The Army had confiscated his military I.D. prior to his release, so when the bartender demanded proof of age, Barnes had nothing to show. The bartender looked at three rows of ribbons on Barnes' uniform and said: "Well, general, you may have won the war, but if you can't prove you're 21 you can't drink here."
It wasn't the words so much as the tone that infuriated Barnes and made him realize that he and the bartender were separated by experiences that could never be reconciled.
Yet reconciliation is exactly what Barnes is aiming for in his first published collection of short stories, "Gunning for Ho" (University of Nevada Press, 2000, $15). "These stories are intended for that bartender," he said.
The title story, "Gunning for Ho," is the last of seven in the collection. The title refers to a drunken idea tossed around by three guys in the Special Forces: "Let's go to Hanoi, find Ho Chi Minh and shoot him. War's over." In this story a brilliant but unbalanced soldier takes the idea to heart and tries to carry it out, with far-reaching consequences.

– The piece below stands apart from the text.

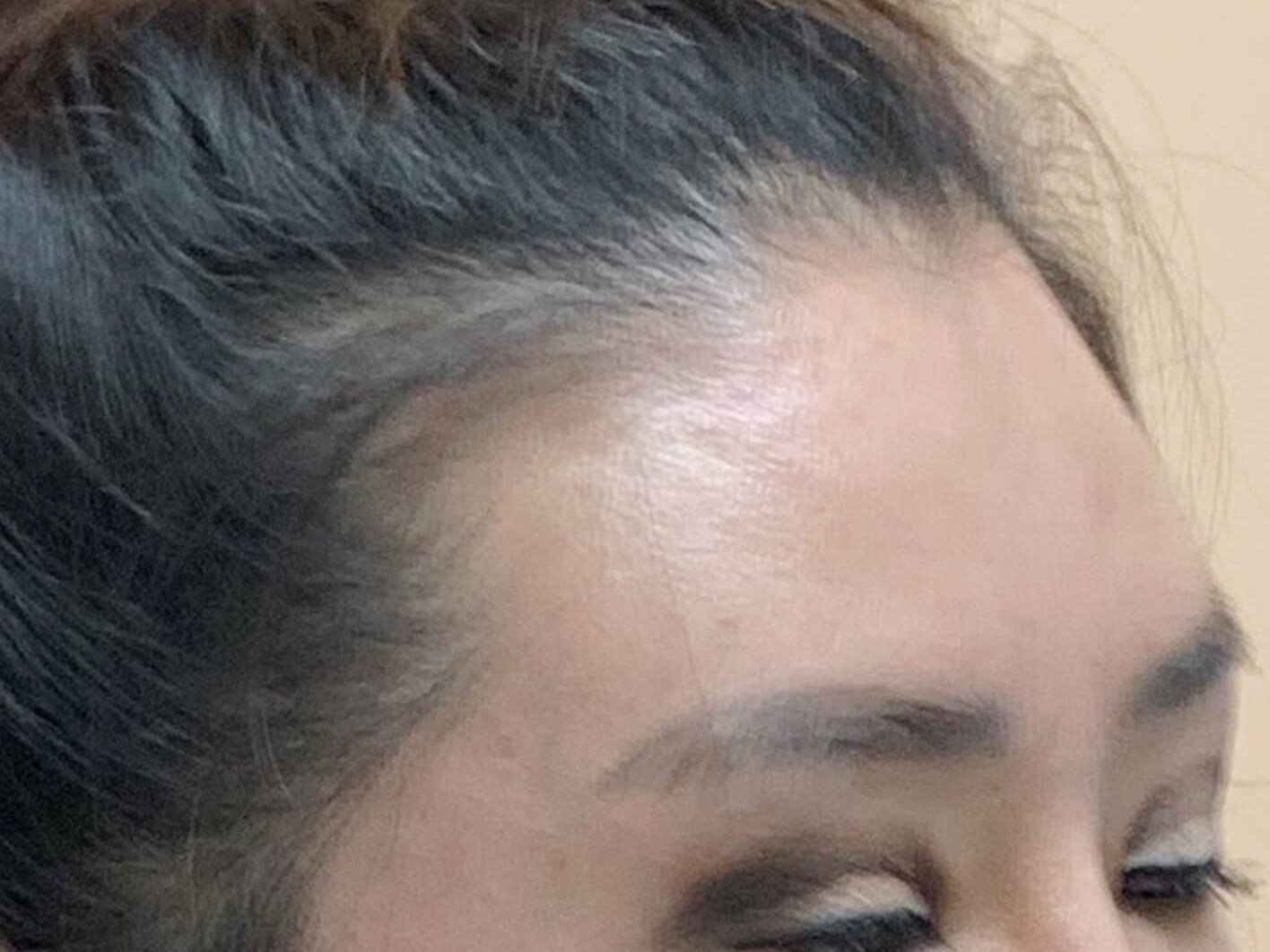 Brow and eyelid lift Before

A novella, "The Tunnel Rat, " the best in the collection, explores an unusual friendship between two men.
"A Lovely Day in the A Shau Valley" will probably become a sports classic. It features a strange baseball game between the Viet Cong and their American counterparts, played during a long one-day truce called just to play ball. And two of the stories feature fathers who are trying to come to grips in different ways with the deaths of their sons in Vietnam.
The collection includes an afterword by John Clark Pratt, a veteran and expert in American literature on Vietnam. With more than 700 novels and short story collections published about Americans fighting the Vietnam War, Pratt assures us that Barnes has something new to say.

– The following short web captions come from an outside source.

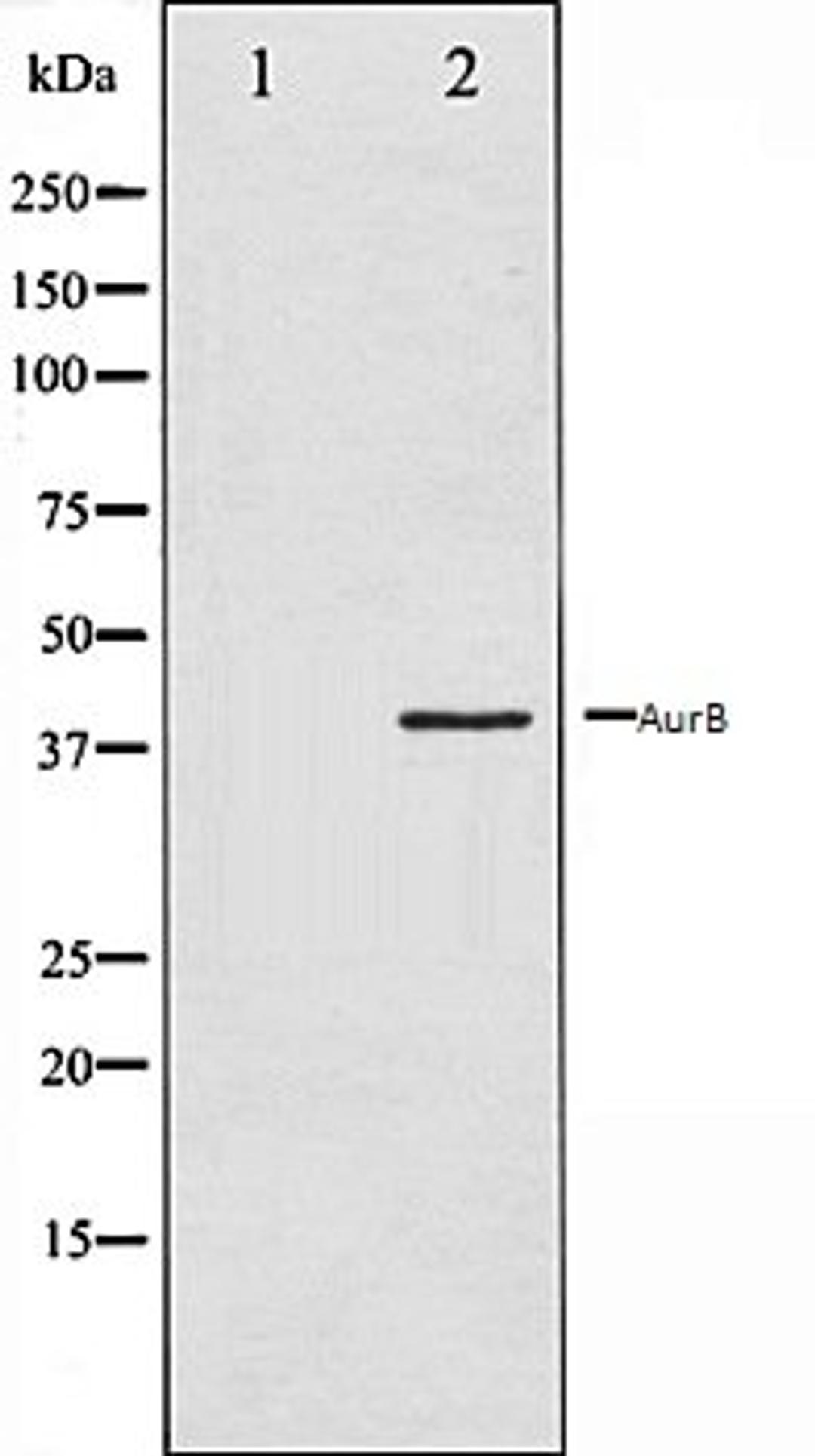 Western blot analysis of COS7 whole cell lysates using AurB antibody, The lane on the left is treated with the antigen-specific peptide.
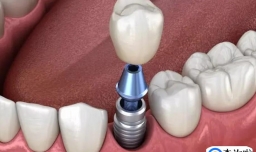 种植牙一颗要多少钱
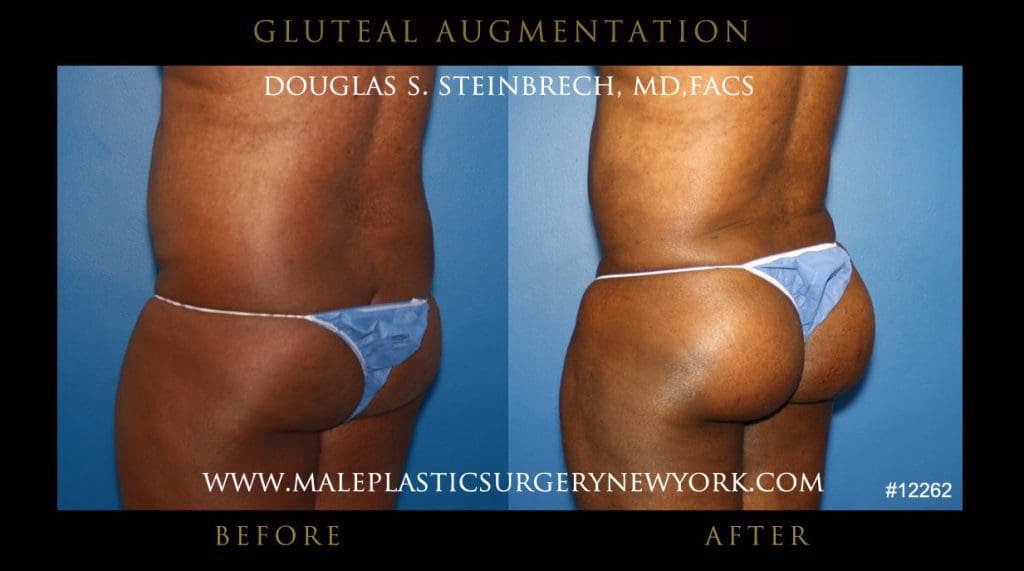 gluteal-aug-mps-ny-21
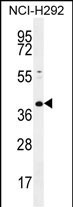 KCTD2 Antibody in Western Blot (WB)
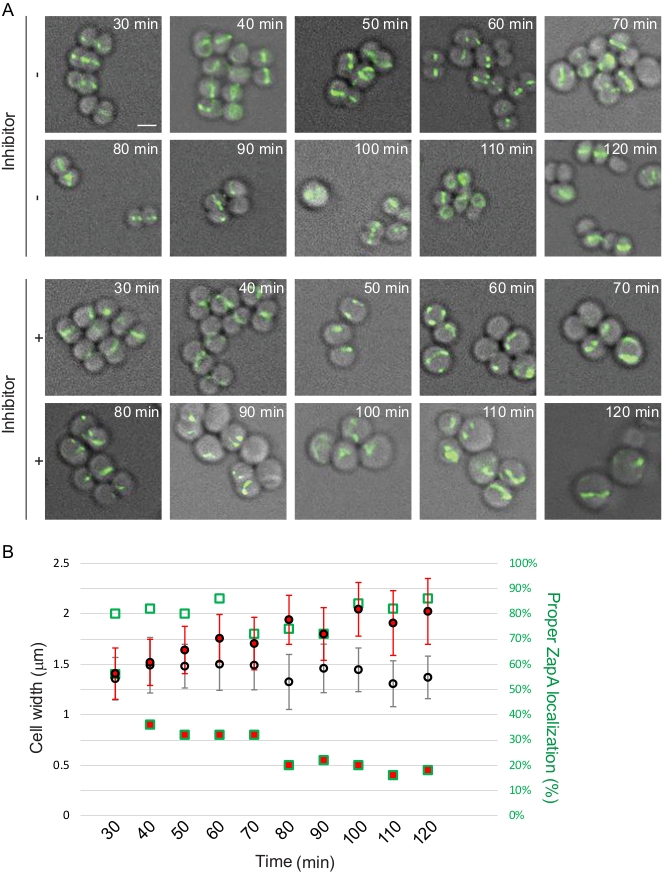 Time-lapse microscopy; cell division with inhibitor; fluorescence imaging; cell width graph analysis.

"Perhaps because of his emotional maturity, perhaps because of the distanced perspective he has on his subject matter, Barnes' fiction is quite different from that of other Vietnam War veteran writers," says Pratt. Those writers were largely realistic, gritty and highly critical of nearly every aspect of the war. Barnes' work, on the other hand, is characterized by an acceptance of the war and a willingness to use it as a vehicle to explore larger issues.
"I want to be a writer, not a Vietnam writer," said Barnes in a recent phone interview.

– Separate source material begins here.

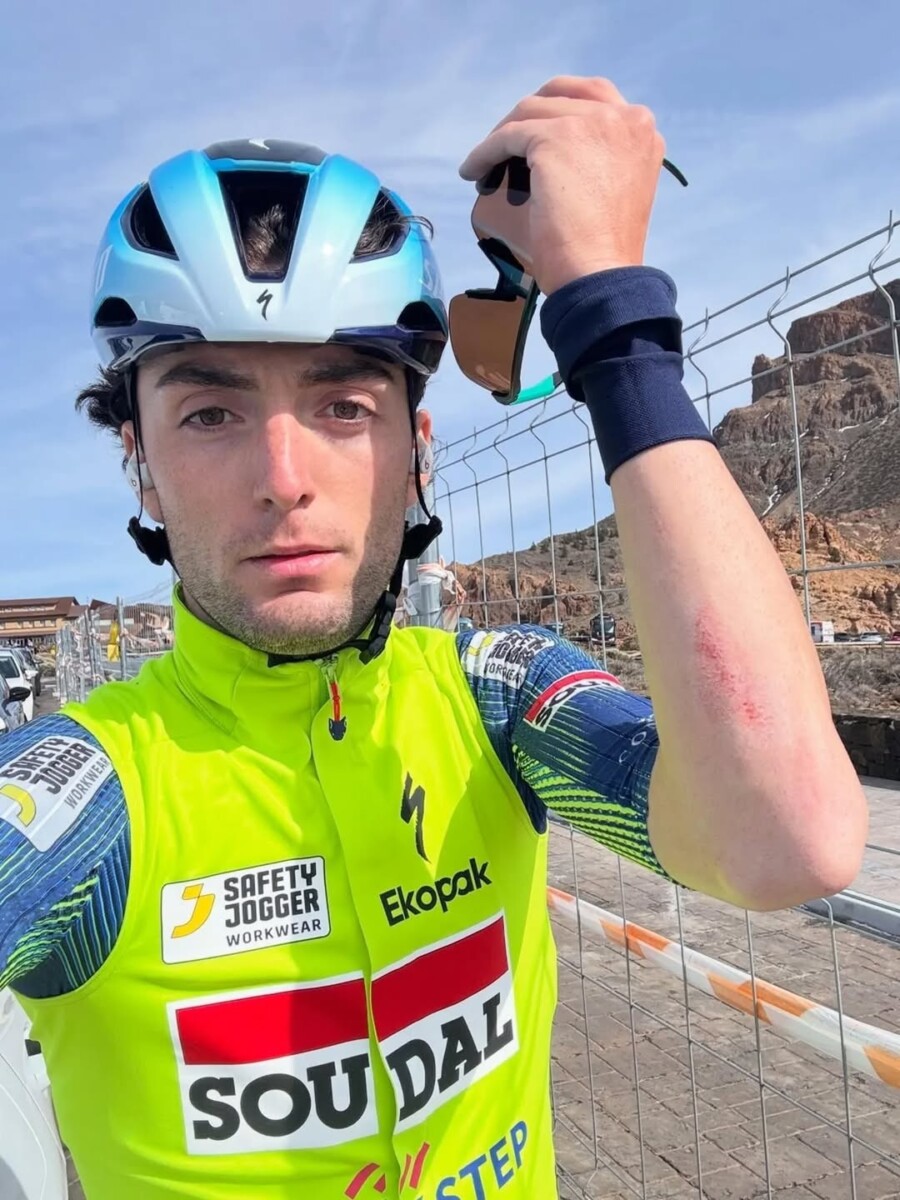 girodociclismo.com.br ciclista da soudal quick step revela drama apos ser atropelado ele fugiu como se minha vida nao valesse nada confira as imagens image 1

Barnes, now 56, has been a resident of Las Vegas for more than 30 years. After collecting myriad experiences as a deputy sheriff, narcotics agent, private investigator, martial arts instructor and casino dealer, he is now an English and creative writing instructor at the Community College of Southern Nevada. Of course he loves "Gunning for Ho" and hopes that his book will be available to every veteran who wants to read it.
"These are not just my stories but stories that I heard from other vets," he said. "I'm giving voice to stories that on one would listen to, no one wanted to hear."
And Barnes has hopes that his Vietnam novel, "A Medal for Joey," will be published one day.
But he also has two other non-Vietnam related novels and a collection of non-fiction essays on the casino business making the rounds at publishing houses.
Barnes may have gotten a somewhat late start in the writing business (he got his MFA at Arizona State University in 1992 although he began publishing in the '80s) but he's making up for lost time now.
"I've made a commitment to it, the writing life," he said. "I tell my students it's not a sprint but a marathon."
And certainly he doesn't regret any of his earlier experiences or what would he have to write about today?
"I've always found the world of the written word fascinating," he said. "Even police reports are narratives. I've always loved language and story-telling."
He loves John Steinbeck ("unquestionably my favorite author") and hates the movie "Platoon" ("no two sergeants would try to kill each other like that").
The bitterness he once felt is now gone.
"The teaching life has its own challenges and demands," he said. "It can be very compatible with my writing life, but then sometimes things pile up. For the past three weeks I haven't written anything of my own...and then I get irritable."
But not irritable enough to throw a punch at a bartender.